(THE INPUT)

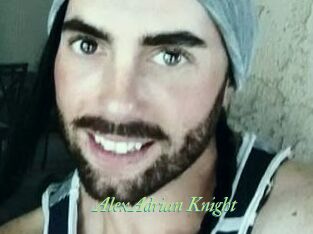 AlexAdrian_Knight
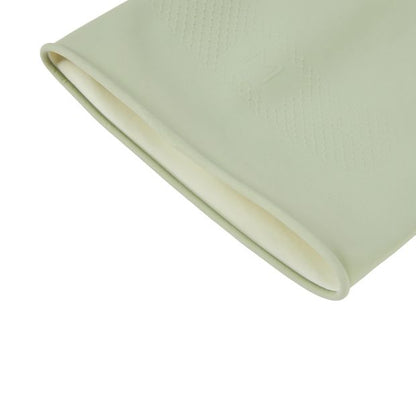 Anko Long Cleaning Gloves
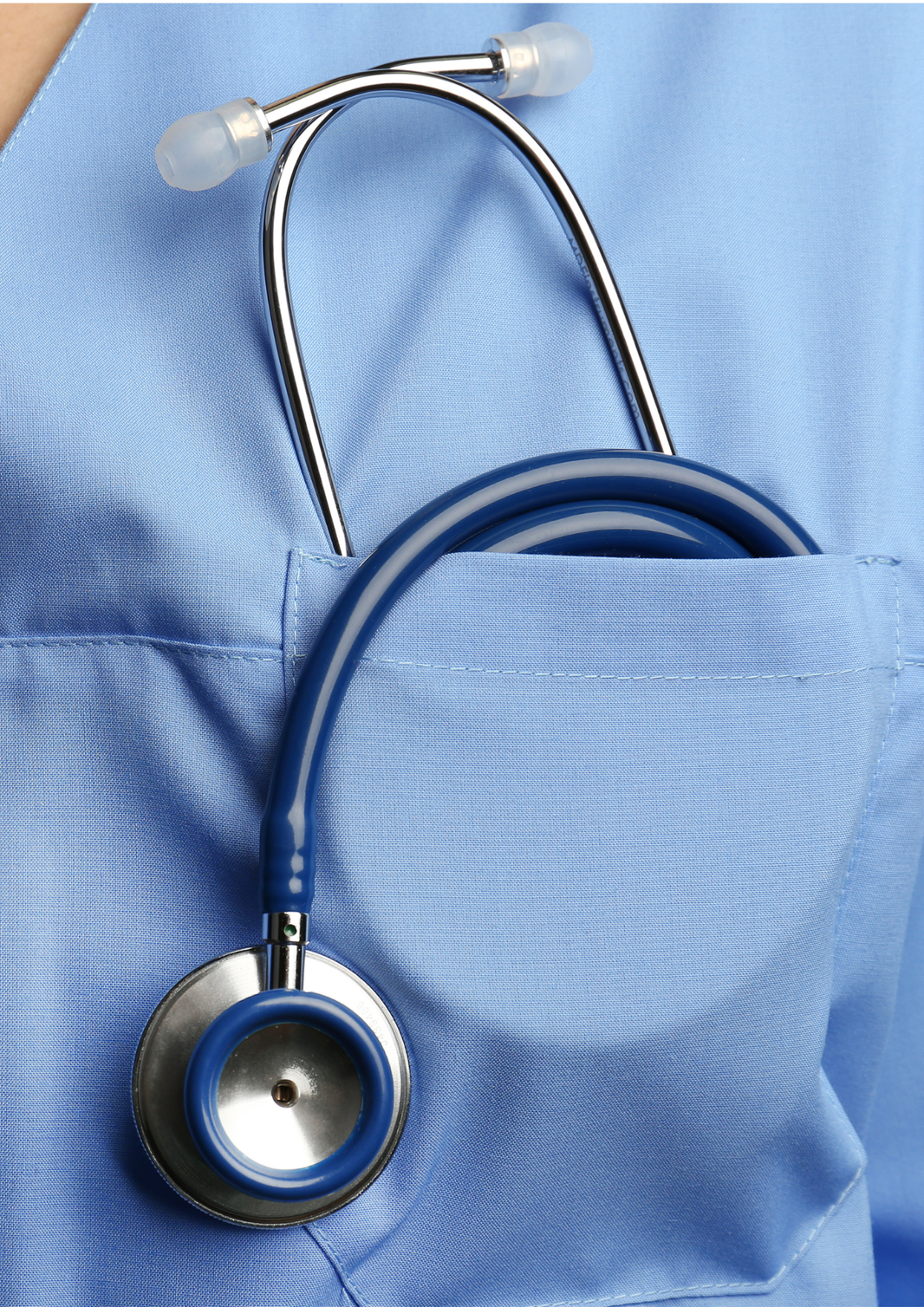 Arzt muss Privatpatient nicht über Erstattungsrisiken informieren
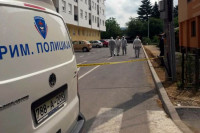 Odgođeno ponovljeno suđenje kriminalističkim tehničarima u slučaju „David Dragičević“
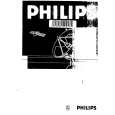PHILIPS STU1420/00G Manual de Usuario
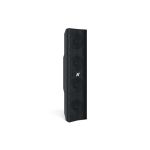 K-Array Kayman-KY52B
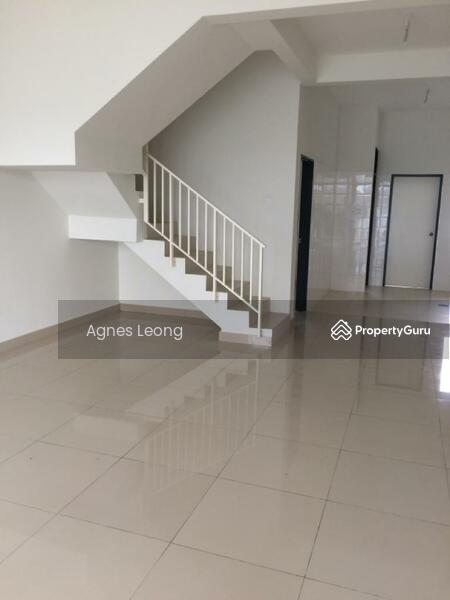 2-storey Terraced House for Sale in Bandar Tasik Puteri (Rawang) - Agnes Leong - PropertyGuru.com.my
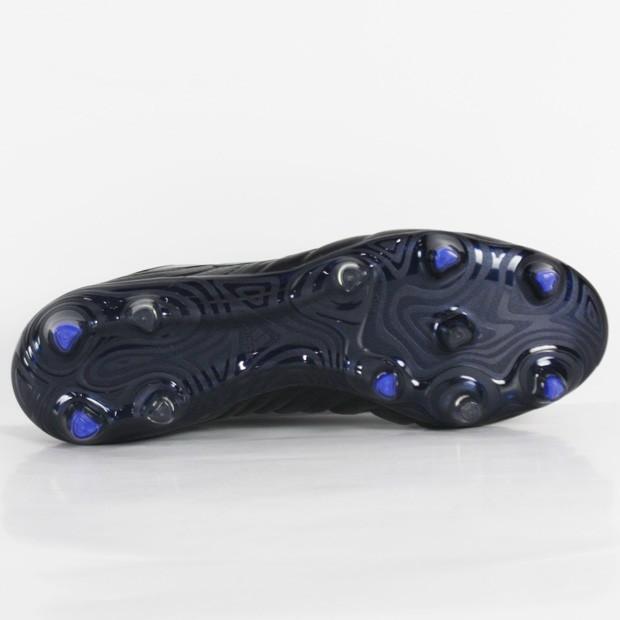 adidas コパ 19.1 FG/AG コアブラック×コアブラック 【adidas adidas コパ 19.1 FG/AG コアブラック×コアブラック 【adidas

(End THE INPUT)

ACTION ITEM: Everything in the data must be printed verbatim except the pictures.

RESULT BELOW:
 AlexAdrian_Knight
 Anko Long Cleaning Gloves
 Arzt muss Privatpatient nicht über Erstattungsrisiken informieren
 Odgođeno ponovljeno suđenje kriminalističkim tehničarima u slučaju „David Dragičević“
PHILIPS STU1420/00G Manual de Usuario
 K-Array Kayman-KY52B
 2-storey Terraced House for Sale in Bandar Tasik Puteri (Rawang) - Agnes Leong - PropertyGuru.com.my
 adidas コパ 19.1 FG/AG コアブラック×コアブラック 【adidas adidas コパ 19.1 FG/AG コアブラック×コアブラック 【adidas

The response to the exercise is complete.